Relatórios do TCE apontam cerca de R$ 21 milhões de sobrepreço ainda não pago e cerca de R$ 2 milhões em valores excessivos já pagos e passíveis de devolução aos cofres públicos. Como gestor responsável, não teme ser condenado?
Óbvio que me preocupa, mas todas as questões foram feitas com a maior transparência possível em cima da tabela da Caixa. Demoramos, muitas vezes, porque tentamos observar ao máximo a legislação. A população quer a obra, mas, se tentar apressar, tem apontamento (do TCE), cai no meu colo, interrompe a obra. Tenho a tranquilidade de que prestamos todas as informações ao TCE. Tudo foi feito do ponto de vista técnico. Durante esse período, há o acompanhamento de um comitê gestor que se reúne na Caixa, sob coordenação da Caixa. Não houve nenhuma decisão autocrática de secretário ou prefeito.
Que legado a Copa deixou para a Capital em termos de gestão?

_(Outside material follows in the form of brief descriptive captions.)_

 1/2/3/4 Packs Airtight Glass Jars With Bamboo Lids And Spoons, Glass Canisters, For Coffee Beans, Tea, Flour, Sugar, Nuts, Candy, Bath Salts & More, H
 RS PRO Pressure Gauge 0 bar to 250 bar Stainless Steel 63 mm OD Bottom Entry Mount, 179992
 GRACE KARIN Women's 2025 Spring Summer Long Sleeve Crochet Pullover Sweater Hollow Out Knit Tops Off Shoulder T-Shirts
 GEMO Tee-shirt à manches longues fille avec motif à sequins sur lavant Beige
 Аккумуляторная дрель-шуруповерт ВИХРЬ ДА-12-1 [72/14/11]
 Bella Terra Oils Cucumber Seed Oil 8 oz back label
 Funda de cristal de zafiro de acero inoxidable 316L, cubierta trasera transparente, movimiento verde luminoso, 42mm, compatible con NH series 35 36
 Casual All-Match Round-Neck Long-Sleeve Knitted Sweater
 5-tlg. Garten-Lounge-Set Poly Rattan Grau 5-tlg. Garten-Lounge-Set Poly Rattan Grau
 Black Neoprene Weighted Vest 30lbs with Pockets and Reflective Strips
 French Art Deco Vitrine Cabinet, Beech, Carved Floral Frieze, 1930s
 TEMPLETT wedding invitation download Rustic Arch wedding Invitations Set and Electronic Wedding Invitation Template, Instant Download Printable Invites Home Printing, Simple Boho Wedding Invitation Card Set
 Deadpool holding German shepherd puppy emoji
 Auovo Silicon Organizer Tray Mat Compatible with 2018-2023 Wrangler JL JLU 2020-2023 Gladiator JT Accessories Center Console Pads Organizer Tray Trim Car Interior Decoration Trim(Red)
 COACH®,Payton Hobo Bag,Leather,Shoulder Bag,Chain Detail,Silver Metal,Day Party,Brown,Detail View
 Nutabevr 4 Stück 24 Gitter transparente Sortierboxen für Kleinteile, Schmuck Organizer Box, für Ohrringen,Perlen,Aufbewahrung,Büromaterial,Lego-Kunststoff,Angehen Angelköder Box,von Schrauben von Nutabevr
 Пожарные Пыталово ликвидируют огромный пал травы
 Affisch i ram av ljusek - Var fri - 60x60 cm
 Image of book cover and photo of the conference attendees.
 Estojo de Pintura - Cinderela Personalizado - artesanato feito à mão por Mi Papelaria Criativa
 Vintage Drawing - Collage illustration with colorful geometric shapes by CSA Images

É histórico, em todas as prefeituras, que cada secretaria se sinta uma prefeitura à parte. O secretário Urbano Schmidt (de Gestão) foi modelar nisso, criamos uma transversalidade plena. Por exemplo: a licitação da orla do Guaíba só ocorreu pelo aprendizado na Copa. Envolve 10 secretarias. Segundo: nossa relação com o TCE. Se lá no início a relação era tensa, nossos técnicos discutindo com os deles, na orla houve reuniões muito colaborativas para chegar com edital devidamente ajustado.
O senhor faria algo diferente, dada a experiência em todo esse período?
Eu não faria tantas obras. Acho que acertei ao buscá-las para modernizar a cidade, mas, se eu soubesse que haveria tantas dificuldades e empecilhos, talvez cuidasse apenas do entorno do Beira-Rio. Não me arrependo do que fiz. Hoje, estou orgulhoso, satisfeito porque, no final de 2016, não vamos entregar todas (as obras), mas vou mostrar uma nova cidade, como o viaduto da Bento. Era um dos principais gargalos da cidade. Ninguém mais fala do "x" da rodoviária. Temos o Viaduto Abdias do Nascimento para ir para a Zona Sul. Vou terminar meu mandato podendo dizer que contribuí muito para a modernização da cidade.